__WHAT YOU WILL DO__
In the entries below, find the line with "Lace Ribbon Layered Skirt (1color)" and the line with "Ear Cuff IOGOU"; reproduce those two lines and all lines between them exactly, without pictures.

__SUPPLIED DATA__
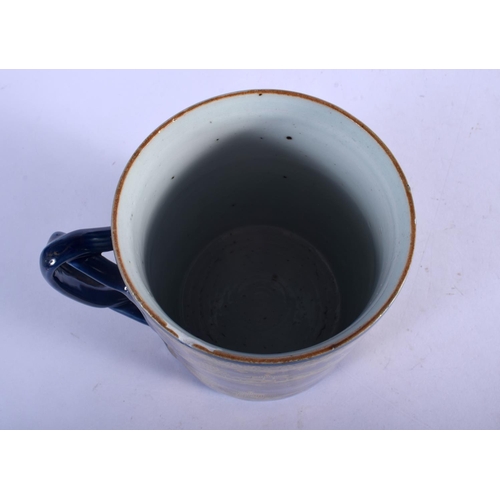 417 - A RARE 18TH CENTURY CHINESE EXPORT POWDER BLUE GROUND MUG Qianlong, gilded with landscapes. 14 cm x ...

---

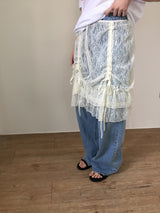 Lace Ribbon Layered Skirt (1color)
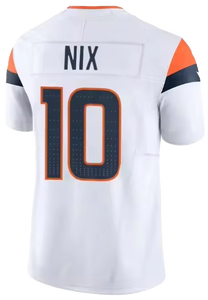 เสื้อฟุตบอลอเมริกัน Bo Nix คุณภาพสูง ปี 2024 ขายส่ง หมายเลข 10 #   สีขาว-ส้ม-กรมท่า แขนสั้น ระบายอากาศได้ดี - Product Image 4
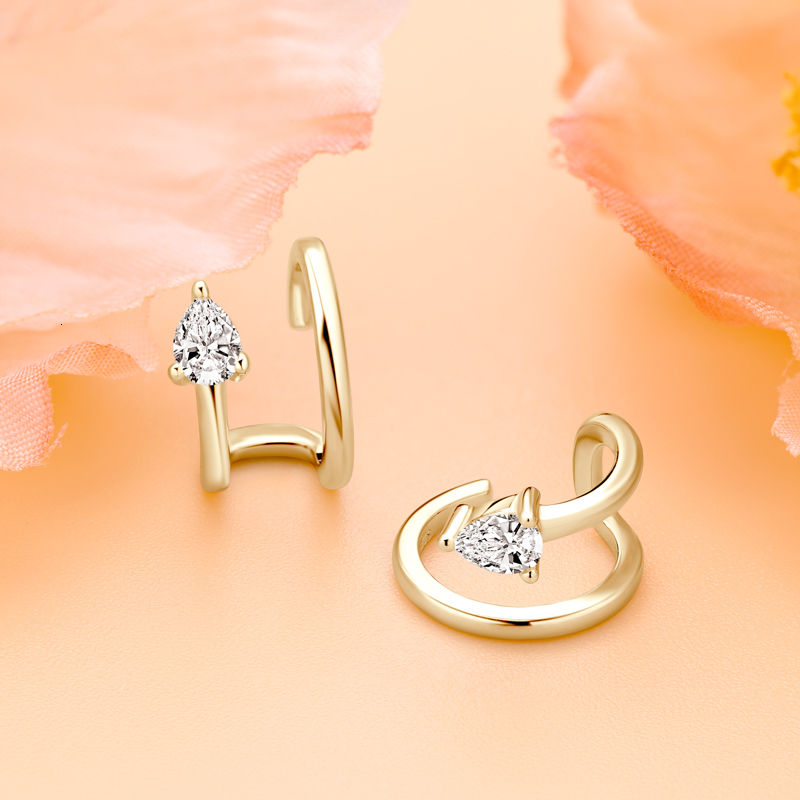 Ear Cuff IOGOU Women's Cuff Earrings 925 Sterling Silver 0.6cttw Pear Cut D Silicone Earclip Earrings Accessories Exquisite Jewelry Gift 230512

__REPLY TO THE TASK__
 Lace Ribbon Layered Skirt (1color)
 เสื้อฟุตบอลอเมริกัน Bo Nix คุณภาพสูง ปี 2024 ขายส่ง หมายเลข 10 #   สีขาว-ส้ม-กรมท่า แขนสั้น ระบายอากาศได้ดี - Product Image 4
 Ear Cuff IOGOU Women's Cuff Earrings 925 Sterling Silver 0.6cttw Pear Cut D Silicone Earclip Earrings Accessories Exquisite Jewelry Gift 230512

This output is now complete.